To minimize the load on the cluster during the tutorial, please do not submit more than one run.
 
<!--
How to monitor progress, check on number of hits, number of integrated images.  How to inspect sample images. etc
-->

Latest revision as of 17:35, 8 May 2015

In principle, one could attempt to index and integrate every single image recorded during a "diffract-and-destroy" experiment. Typically only a small fraction of the recorded images exhibit an indexable lattice, and in practice a hit-finder is needed to triage the stream of images, and preserve computational resources.

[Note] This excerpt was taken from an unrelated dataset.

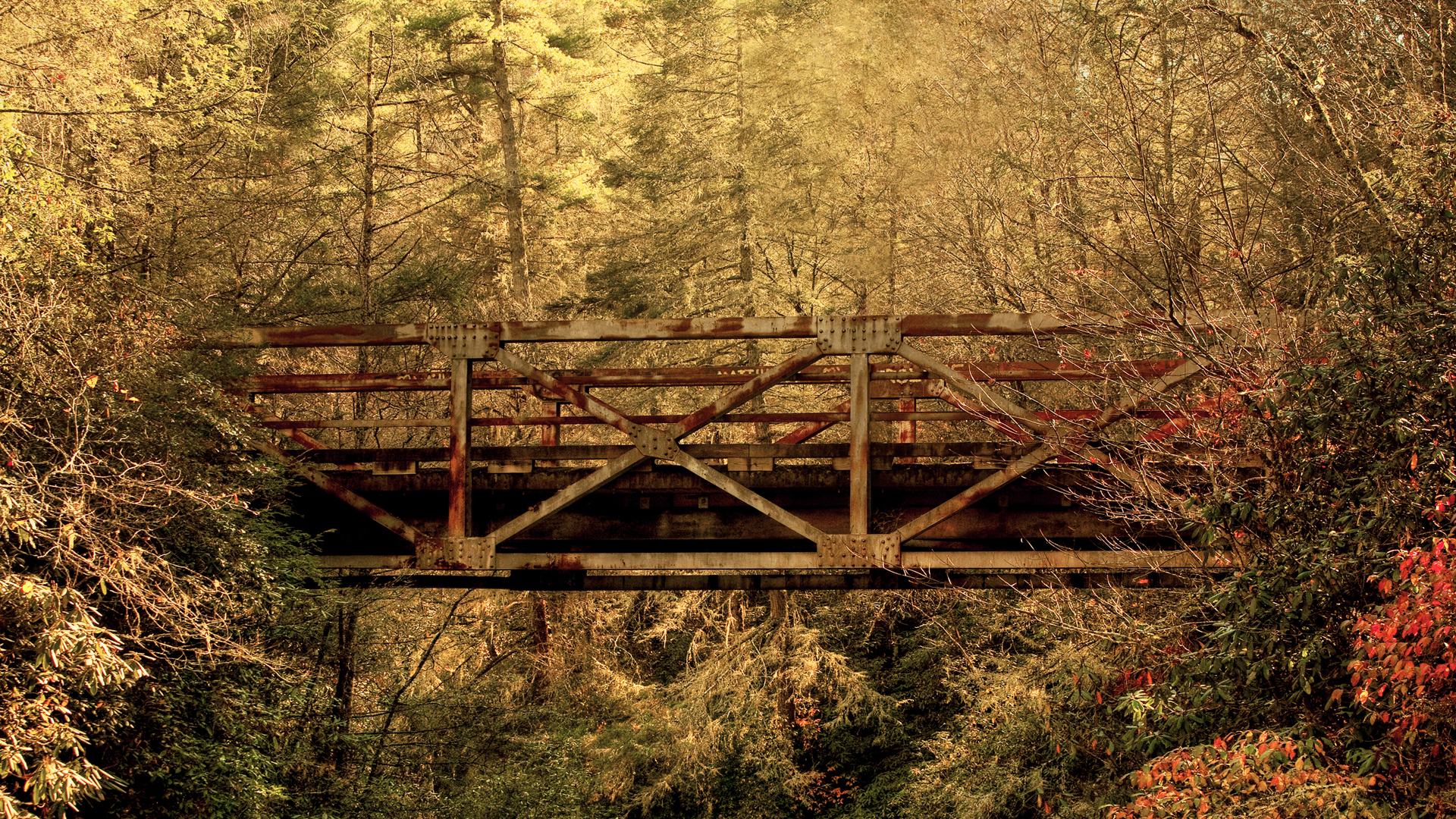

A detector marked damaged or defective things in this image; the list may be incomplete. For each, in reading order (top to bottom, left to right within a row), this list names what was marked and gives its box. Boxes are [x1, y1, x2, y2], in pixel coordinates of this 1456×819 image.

rusty steel bridge [218, 311, 1250, 585]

Indexing and integration are tightly coupled; it is impossible to integrate an image without first obtaining an indexing solution. The result of successfully indexing an image is essentially a model of crystal–beam interaction. The model not only describes how the crystal is oriented with respect to the direction of the X-ray pulse, but also its degree of imperfection (i.e. mosaicity), and qualities of the illuminating pulse (e.g. bandwidth). The integration algorithm uses this model to predict where Bragg spots appear on the image, and integrates the intensities around those predications. The integration algorithm thus exploits the regularity of the underlying crystal lattice to recover signal where it was too weak to be detected.

psana section

For historical reasons, hit-finding and indexing/integration are both implemented in the same analysis module, called mod_hitfind. To chain the two functions together, psana must be configured to pass each event through two different instances of the same module. The two instances are differentiated by their name following the colon. In the example below, the first instance is called hitfind, and the second is index.

[psana]
modules = my_ana_pkg.mod_hitfind:hitfind \
          my_ana_pkg.mod_hitfind:index

Any instance of an analysis module can signal psana to skip further processing of the event. In the case above, the hitfind instance of mod_hitfind would signal psana to skip the event if it determines that the image associated with the event is not a hit. In that case, the second instance, index, will never see the event. Otherwise, the event is fed to the second instance, which will attempt indexing and integration on the associated image.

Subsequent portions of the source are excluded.